[Data Boundary: Start]
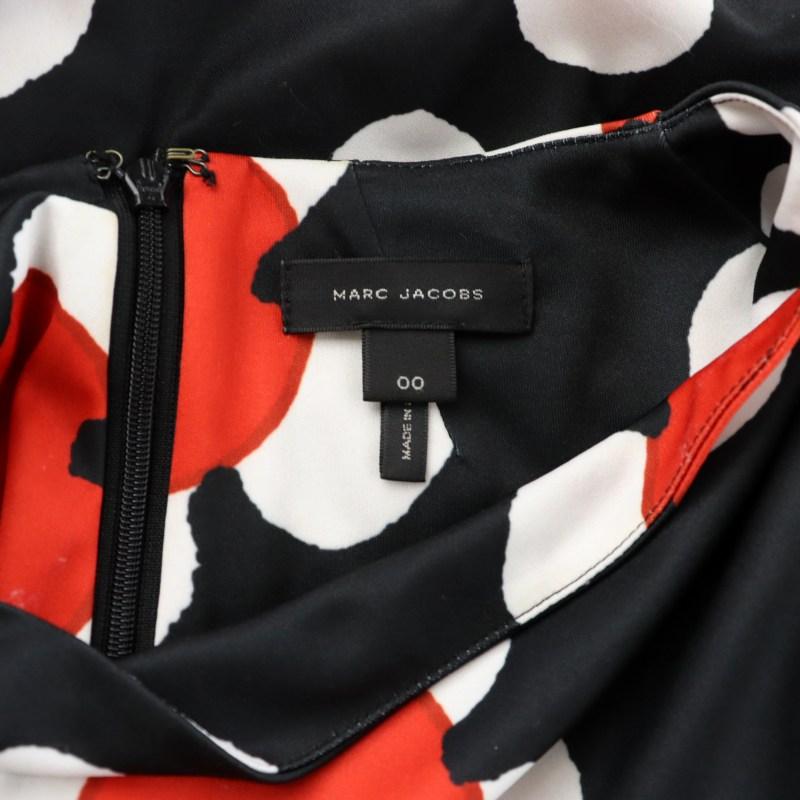 マークジェイコブス MARC JACOBS シャツ ブラウス 裾ドロスト 花柄 総 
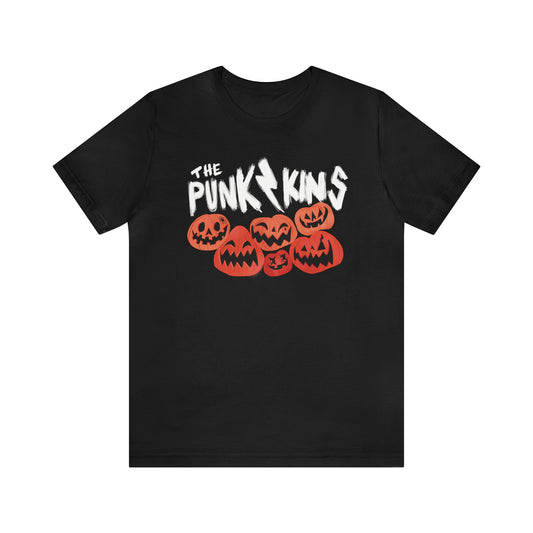 "The Punk Kins" Halloween Shirt / Pumpkin Shirt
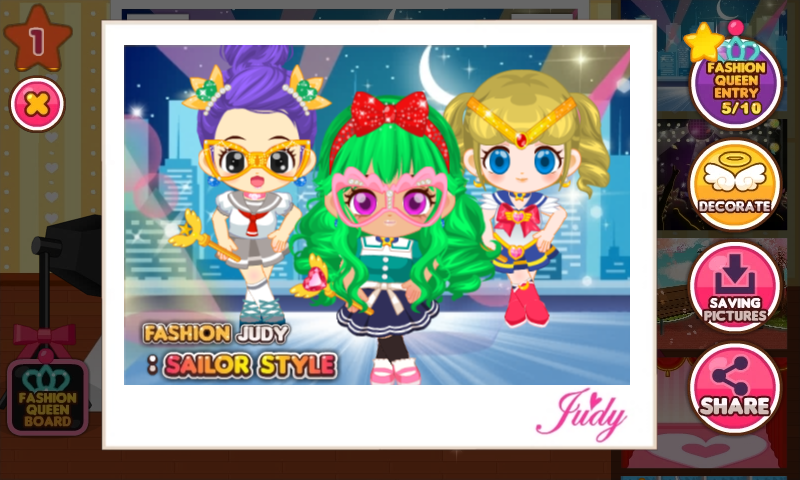 Fashion Judy: Sailor style截图4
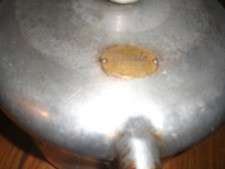Vintage Presto 4 Qt. Model 40 Pressure Cooker Canner  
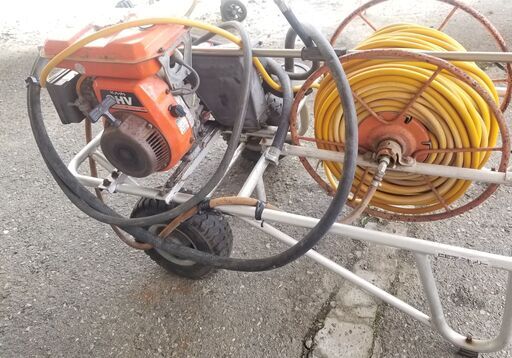 丸山セット動噴　MS310(送料込み) 丸山 中古 セット動噴 MS310 – 農キング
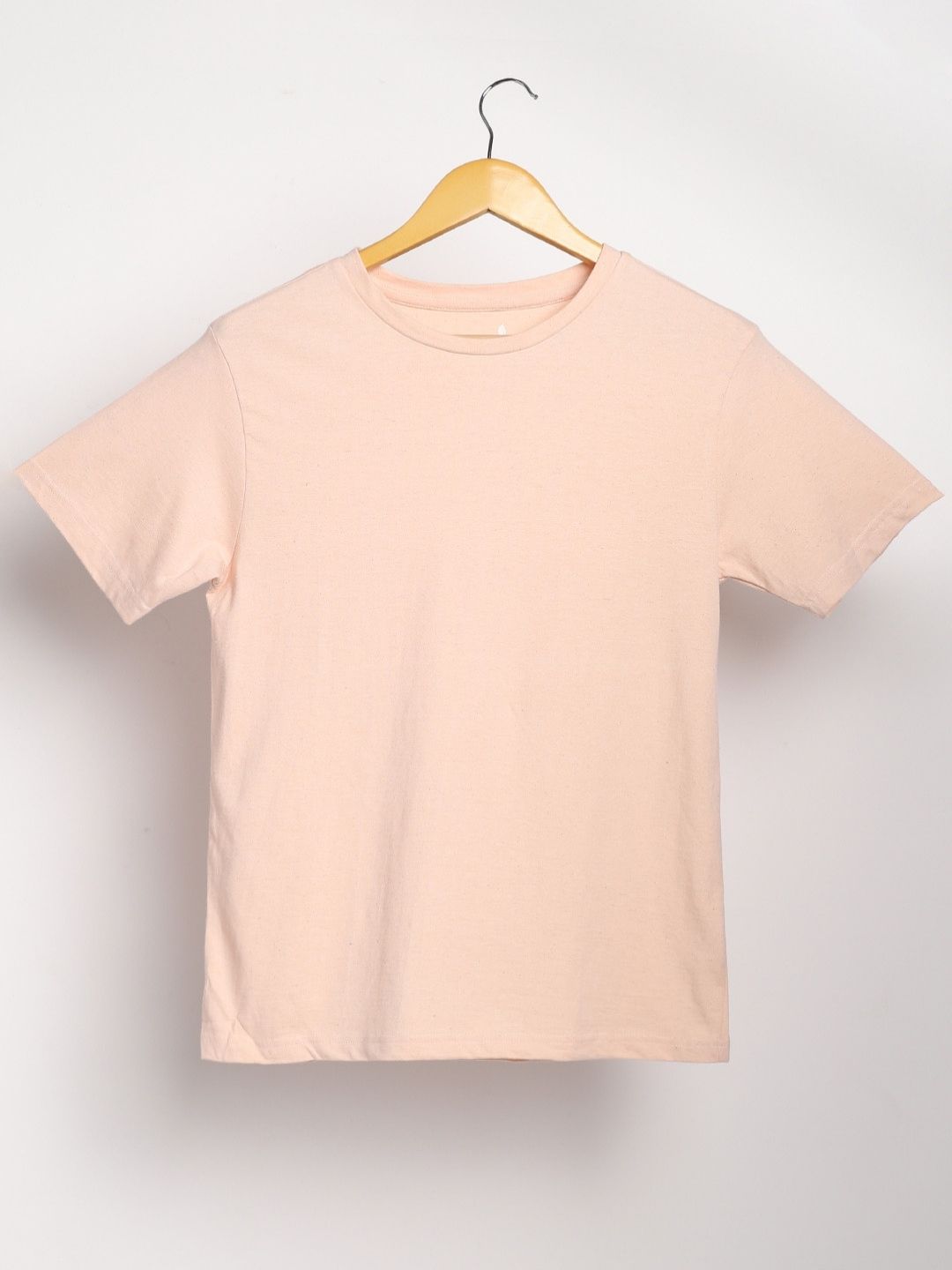Baby Pink Organic Cotton & Naturally Fiber Dyed T-shirt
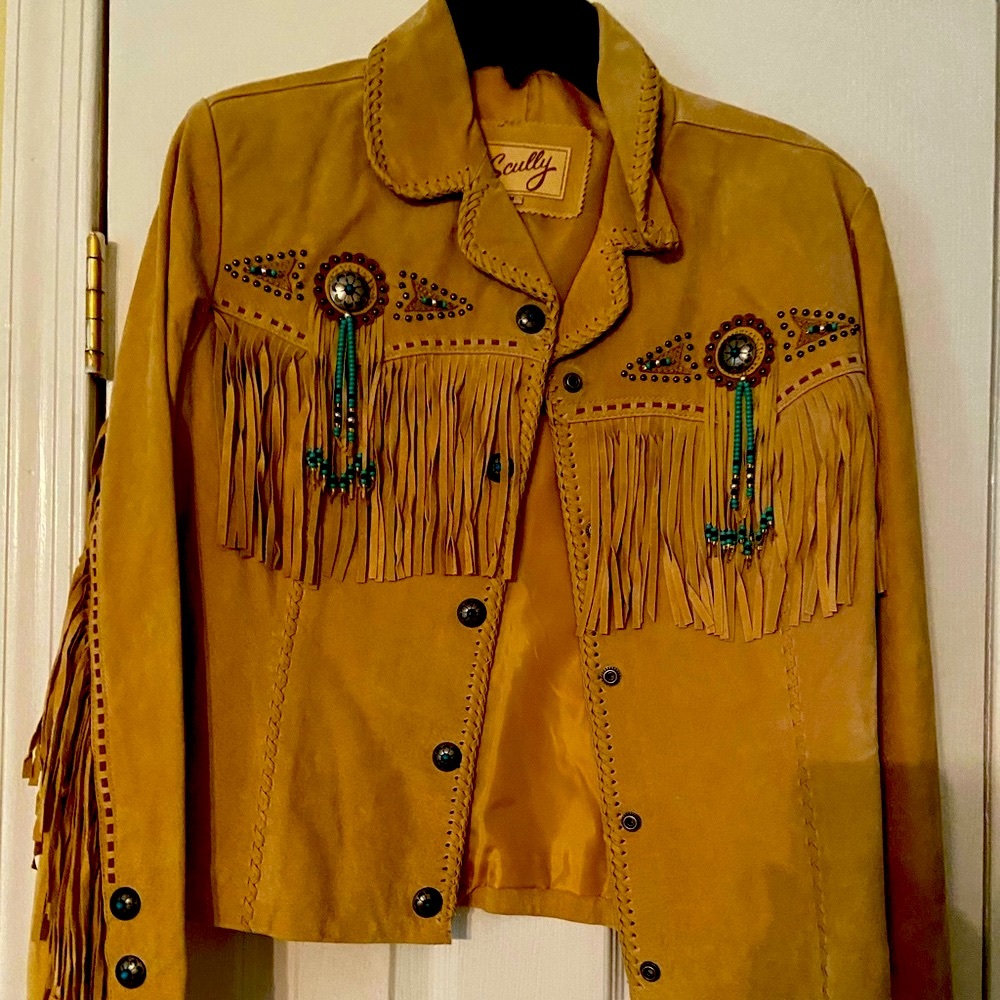 Genuine Scully Leather Jacket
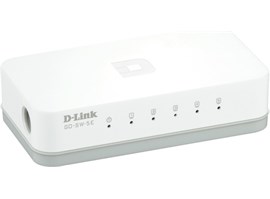 D-Link 5-Port Ethernet Switch (GO-SW-5E)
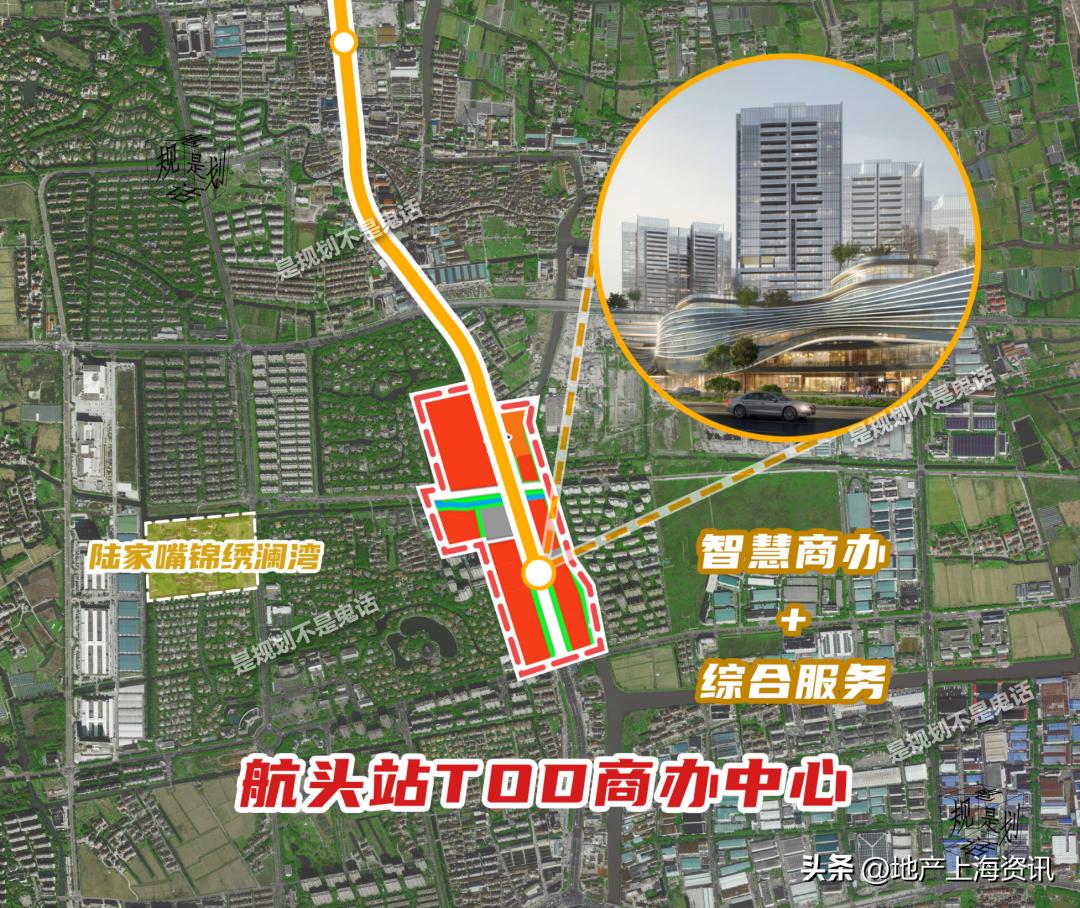 浦东中城,浦东中城苑前景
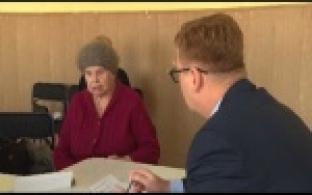 Прием жителей поселка Кузино провел глава города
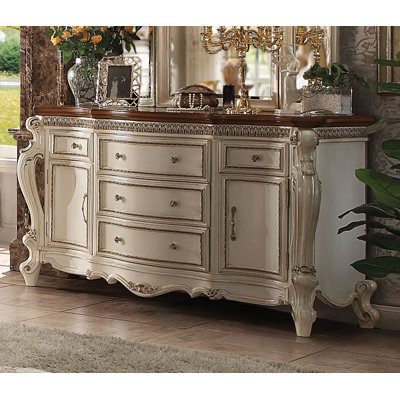 Commode combinée 5 tiroirs Linden Boulevard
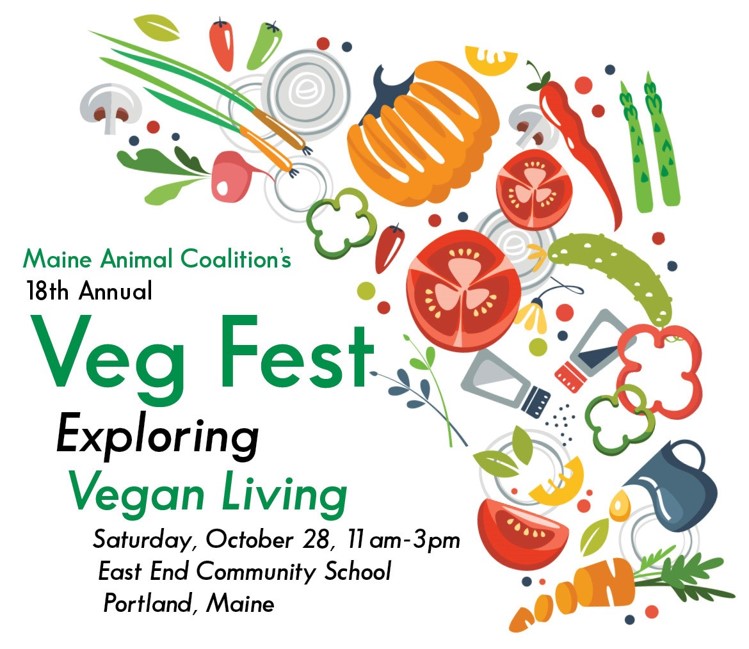 Veg Fest Maine Animal Coalition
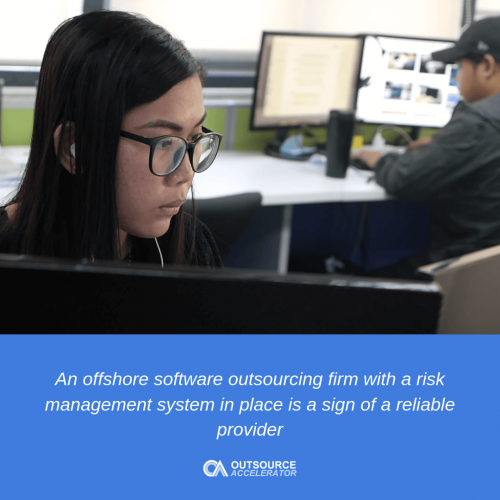 Offshore software outsourcing for hospitality industry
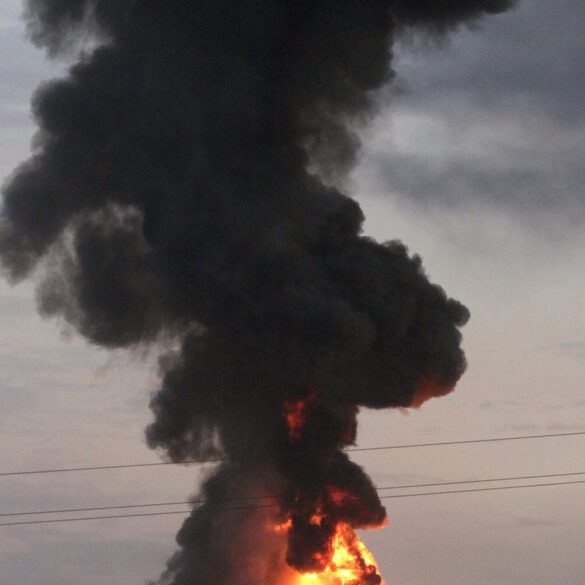 Russia Launches Large-Scale Attack on Ukraine with Hundreds of Drones and Missiles, Reports Indicate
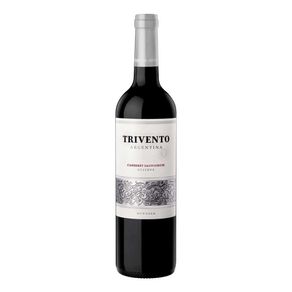Vinho Argentino Trivento Reserve Cabernet Sauvignon Tinto 750ml Vinho Argentino Trivento Reserve Cabernet Sauvignon Tinto 750ml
[Data Boundary: End]
== Assignment ==
Among the entries above, copy exactly the stretch from the line holding "浦东中城,浦东中城苑前景" through the line holding "Russia Launches Large-Scale", leaving out any pictures.

== Answer ==
 浦东中城,浦东中城苑前景
 Прием жителей поселка Кузино провел глава города
 Commode combinée 5 tiroirs Linden Boulevard
 Veg Fest Maine Animal Coalition
 Offshore software outsourcing for hospitality industry
 Russia Launches Large-Scale Attack on Ukraine with Hundreds of Drones and Missiles, Reports Indicate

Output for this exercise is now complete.